MP for East Are ‘are, Peter Kenilorea (Jnr) told parliament that the climate change issue is a grave threat to small island countries like Solomon Islands.
Kenilorea says more work needs to be done to ensure that these threats are mitigated.
“Our people are in the frontline - we keep on saying this in international forums, but actions speak louder than words when it comes to this particular issue. So, I would encourage the ministry, the good minister, to continue to redouble its efforts in this front”, Kenilorea says.
Solomon Islands experience sea level rise at an average of 8mm per year, well above global projections. The rise is a threat to communities living close to the coastline.
The MP for East Are ‘are 'also asked the Environment Minister on plans for the relocation of affected communities in Solomon Islands, especially by sea level rise, in places like Ontong Java, Lau, Walande and Langalanga.
In his response Minister Dickson Mua says a relocation advisory committee has been established between the ministry of environment and ministry of lands. He says other members of the committee include members from the provincial government ministry, prime minister’s office, church organizations, academia, and community representatives.
“It is important that this is done first to guide how the government addresses relocation for communities that need to be relocated or provided a second home”, Mua told parliament.
Meanwhile Opposition Leader, Mathew Wale says the government’s response is too slow as this is another disaster. He questioned if people affected by sea level rise can seek assistance from the government, pending work on a Climate Change Bill.
Mua however says this is not possible as guidelines must be in place first before they can start assisting communities.
Of the same, it is understood that the government will need to foot the bill on relocation by itself.
“Fund must come internally but that does not mean that we cannot seek assistance from an outside source”, Mua told parliament.
The provincial township of Choiseul was the first of the islands announcing relocation from sea level rise. Taro Island is less than two meters (6.6 feet) above sea level. The Island is exposed to storm surges and tsunamis caused by earthquakes, and is expected to worsen in the future by rising sea levels.

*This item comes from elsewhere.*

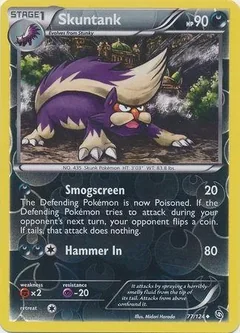 Skuntank Reverse Holo 77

Since the announcement was made more than five years ago, the township is yet to relocate to the mainland.
Taro is not the only island in Solomon Islands compounded with sea level rise. The people of Lord Howe islands are also faced with the impact of climate change.
“It must also be understood that relocation is not an easy undertaking because of social, cultural, economic and personal choice and the considerations that come with it. And more importantly, land is a scarce resource. As such we need to take a well-considered approach guided by appropriate guidelines and supported by relevant laws”, Mua told parliament.